Looking with interest for other recommendations.

Marzipants Tue 19-Apr-16 21:32:32

I saw a career coach about 15 years ago (that makes me feel so old!). We didn't gel so hopefully she's not representative. Her input was basically saying what would your ideal job be if money was no object? Now do it.

Because everyone has a trust fund right? hmm

But, watching with interest. About to head back to work after maternity leave and can't shake the feeling that the best I can hope for is redundancy... sad

Movingonmymind Tue 19-Apr-16 21:38:10

Yes, that's exactly what I don't need. Ditto one who's unrealistic about working around kids - one I have in mind doesn't have them and I do think this affects one's judgement on the issue. Don't what to be asked, "if childcare were sorted/no problem, what would you do?" hmm as not so simple, mine are school age. One quire complex and the 'problem' of fitting around them is just not going to go away, even if I will it to do so.

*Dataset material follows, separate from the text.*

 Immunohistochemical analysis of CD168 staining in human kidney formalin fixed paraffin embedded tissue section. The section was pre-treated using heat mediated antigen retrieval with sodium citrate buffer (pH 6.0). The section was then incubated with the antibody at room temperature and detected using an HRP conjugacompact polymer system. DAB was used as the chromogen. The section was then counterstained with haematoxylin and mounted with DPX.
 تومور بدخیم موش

OneMoreForExtra Wed 20-Apr-16 12:48:12

Well on the basis of today's experience, I'd say time and money well-spent. I benefited from having access to an experienced person who has a good understanding of my sector, and used a combination of insight, experience and common sense to help me clarify my career options, what's going on in my life at the moment, my strengths, and my goals, and to put it together in a way that identified the best two things for me to pursue now, with another bigger goal waiting in the wings for a better time family-wise. She also gave me quite a lot of personal coaching input. So I've come away with a practical to-do list, feeling much more empowered, and with a short and medium term plan to work to.

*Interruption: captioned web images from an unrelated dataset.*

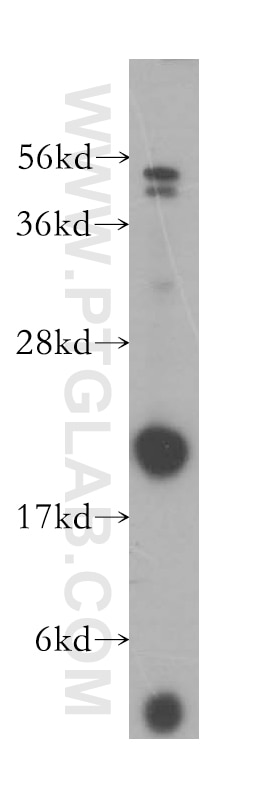 Western Blot (WB) analysis of HeLa cells using PMVK Polyclonal antibody (15674-1-AP)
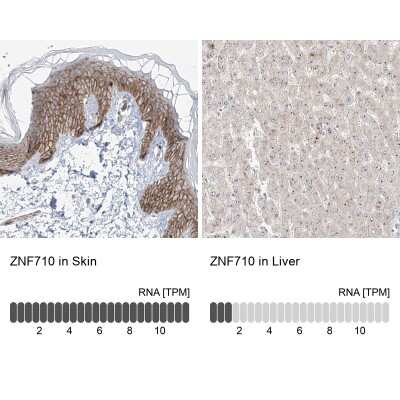 Immunohistochemistry-Paraffin: ZNF710 Antibody [NBP1-84167]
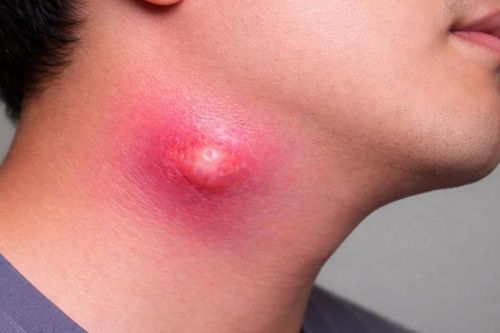 Áp xe cổ đe dọa tính mạng người bệnh nếu phát hiện muộn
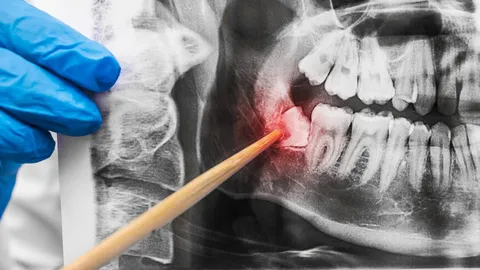 Impacted Wisdom Teeth: Symptoms, Diagnosis &amp; Treatment
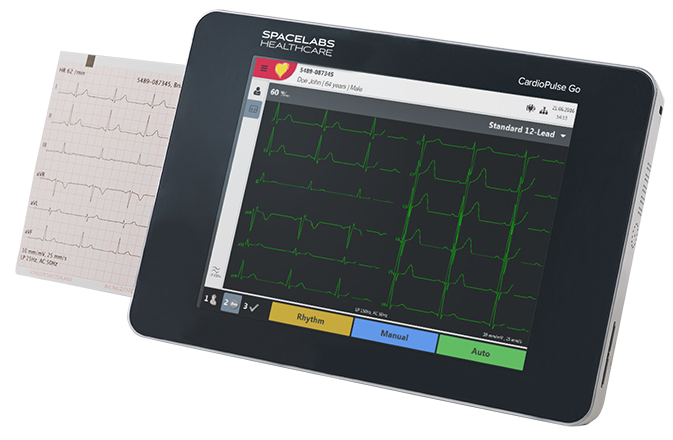 CardioPulse Go resting ECG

Agree with OP who said go on the basis of a recommendation though - it might have been different with somrone less good! Good luck!

Movingonmymind Wed 20-Apr-16 19:26:21

Oh that is good, Onemore, glad it helped. I may actually hold out until I've had time to regroup, lick my wounds a little and also attend workfest.

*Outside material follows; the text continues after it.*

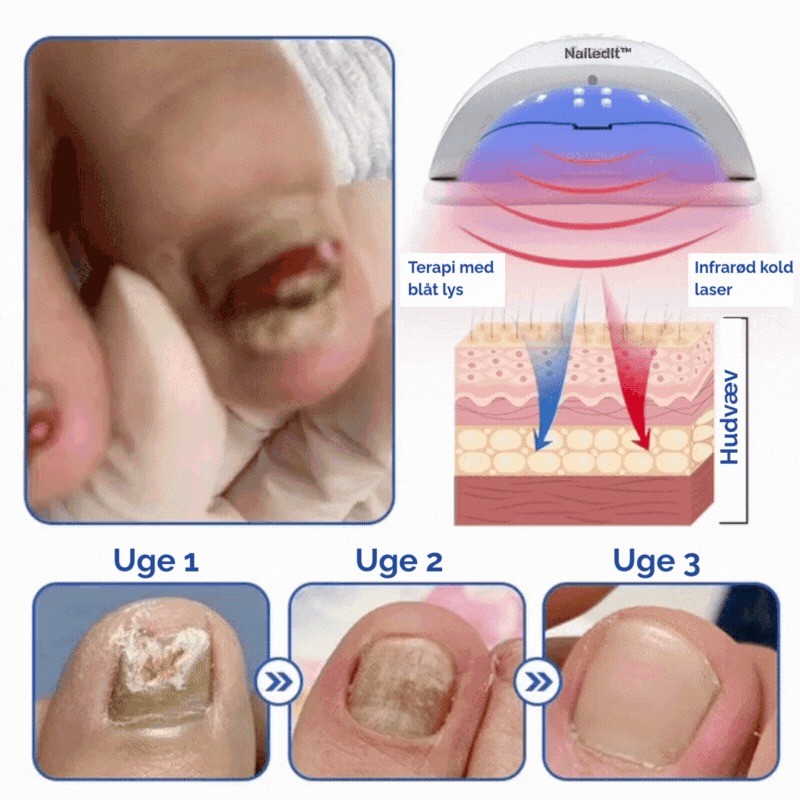 MycoLight™ Skånsom behandling mod neglesvamp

Torres10 Wed 20-Apr-16 20:49:10

Hi there, I am mid 40's with young children stuck in a well paid but dull job. I have engaged a career coach as a last resort really because I just keep going round and round in my head what I could/should do! It isn't cheap, it's cost me a couple of thousand, but it has helped me focus my mind and I am now working towards an end goal of a better job or working for myself, probably the latter. ( only 3 weeks in) .
My coach actually said up front, if you are not prepared to make a change don't waste your money, I decided it was now or never..probably the first question you need to ask and answer honestly before you think of parting with any ££!

ilovesooty Thu 21-Apr-16 00:58:34

A couple of thousand? How many sessions?

Torres10 Fri 22-Apr-16 13:45:49

Unlimited sessions, he commits to 6 months support through understanding yourself and what you want to do, but said he will also be on hand after that to advise.

SortingStuffStill Sat 23-Apr-16 14:54:53

Good value if very tailored, accessible to you and affordable for you. Beyond many budgets, quite a few good, fairly cheap events out there Womenlikeus etc.